Tax office says it has to work with Microsoft, despite data privacy concerns

The Dutch Tax Administration plans to shift much of its digital workplace to Microsoft’s cloud services, caretaker State Secretary Eugène Heijnen (Tax Administration) told the Tweede Kamer, the lower house of Dutch parliament. According to Heijnen, no suitable alternatives were found, despite efforts to explore European providers.

According to privacy advocates and experts, using U.S.-based cloud services for storing and processing sensitive personal data raises concerns under European privacy law. They warn that GDPR compliance could be at risk, particularly when data is transferred outside the EU.

European cloud providers, including those based in France and Germany, have been considered as potential alternatives. However, many of them fall short of the functional, legal, and technical standards required by Dutch government agencies, particularly when it comes to latency, scalability, security, and interoperability.

Employees have complained that the current system is inefficient and difficult to use.
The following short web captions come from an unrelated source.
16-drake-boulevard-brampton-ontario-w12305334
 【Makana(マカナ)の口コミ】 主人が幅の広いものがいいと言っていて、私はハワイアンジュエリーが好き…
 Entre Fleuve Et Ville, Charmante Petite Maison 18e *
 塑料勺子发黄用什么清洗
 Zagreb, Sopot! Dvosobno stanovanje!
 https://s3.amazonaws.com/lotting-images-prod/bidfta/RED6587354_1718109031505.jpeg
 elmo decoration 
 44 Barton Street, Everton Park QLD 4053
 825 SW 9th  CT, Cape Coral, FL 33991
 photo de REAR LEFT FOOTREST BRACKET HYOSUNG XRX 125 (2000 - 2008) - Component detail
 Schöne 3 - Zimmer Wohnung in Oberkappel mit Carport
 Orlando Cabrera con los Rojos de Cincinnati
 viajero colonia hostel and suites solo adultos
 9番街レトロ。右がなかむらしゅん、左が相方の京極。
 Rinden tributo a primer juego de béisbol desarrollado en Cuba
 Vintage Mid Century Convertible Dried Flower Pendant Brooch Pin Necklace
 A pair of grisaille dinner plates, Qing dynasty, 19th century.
While the work environment will move to Microsoft, sensitive documents and data will continue to be stored on internal servers.

The decision comes despite longstanding calls in parliament for the government to reduce its dependence on major U.S. tech companies. One concern is the risk of “vendor lock-in,” meaning that after choosing a major provider like Microsoft, moving to another service later can become both complicated and expensive.

The Court of Audit also noted that the Dutch government is already relying heavily on public cloud services, but not all of these services have been subjected to thorough risk assessments. According to the same report, roughly 67 percent of the key public cloud services lacked a proper risk assessment.